Les opposants à l'abattage des renards se sont réunis devant la préfecture de Rouen. Bérangère Dunglas et Felix Bollez / France Télévisions
70 personnes se sont rassemblées, vendredi 31 juillet 2020, pour protester contre l'arrêté. Certains avaient déjà fait part de leur désapprobation lors d'une concertation publique qui avaient réuni une majorité d'opposants. Pour le président de l'association AVES France, Christophe Coret, l'incompréhension est totale.

"On nous dit que le renard transmet des maladies mais sans donner de chiffres de contamination tout simplement parce qu'il n'y en a pas. On nous dit que le renard fait des dégâts avicoles mais sans nous présenter aucun chiffre non plus, ni aucune fiche de dégâts. On nous dit ensuite que le renard s'attaque aux perdrix grises qui sont relâchées par les chasseurs...", résume-t-il.

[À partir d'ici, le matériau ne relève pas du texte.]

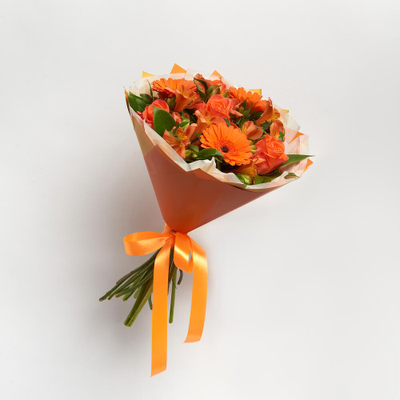 Оранжевый букет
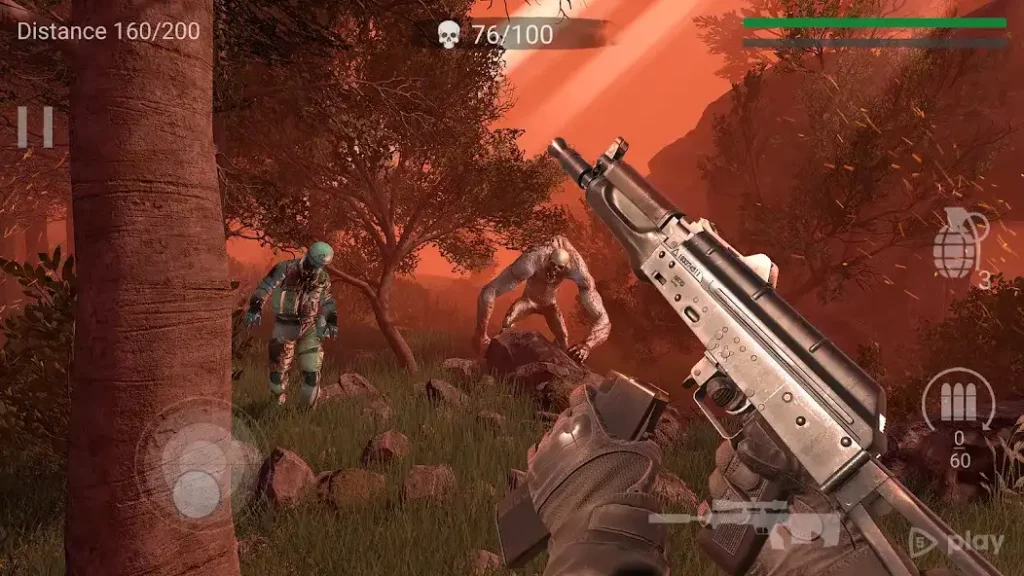 Zombeast: Survival Zombie Shooter screenshot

Du côté de la préfecture, il est rappelé que le renard est considéré comme un nuisible et que l'arrêté pris au niveau local n'est en réalité qu'une émanation d'un arrêté ministériel de 2019.
 

"L'intervention de l'homme aujourd'hui elle est nécessaire parce qu'on est dans un milieu anthropisé. Quand on parle d'un point d'équilibre sur les renards, il faut le situer ce point d'équilibre et savoir s'il est tolérable en terme sanitaire, de vie économique, en terme de mise en danger de population...On a pu être interpellé par le passé pour des renards présents en ville dans une école, dans une piscine... L'intervention de l'homme était nécessaire puisque cette proximité avec les enfants elle était gênante, dérangeante, potentiellement dangereuse."

Cyril Teillet, adjoint au responsable du service environnement de la préfecture de Seine-Maritime.



Cinq associations ont décidé de porter un recours devant le tribunal administratif contre cet arrêté et pour en empêcher l'abattage des renards.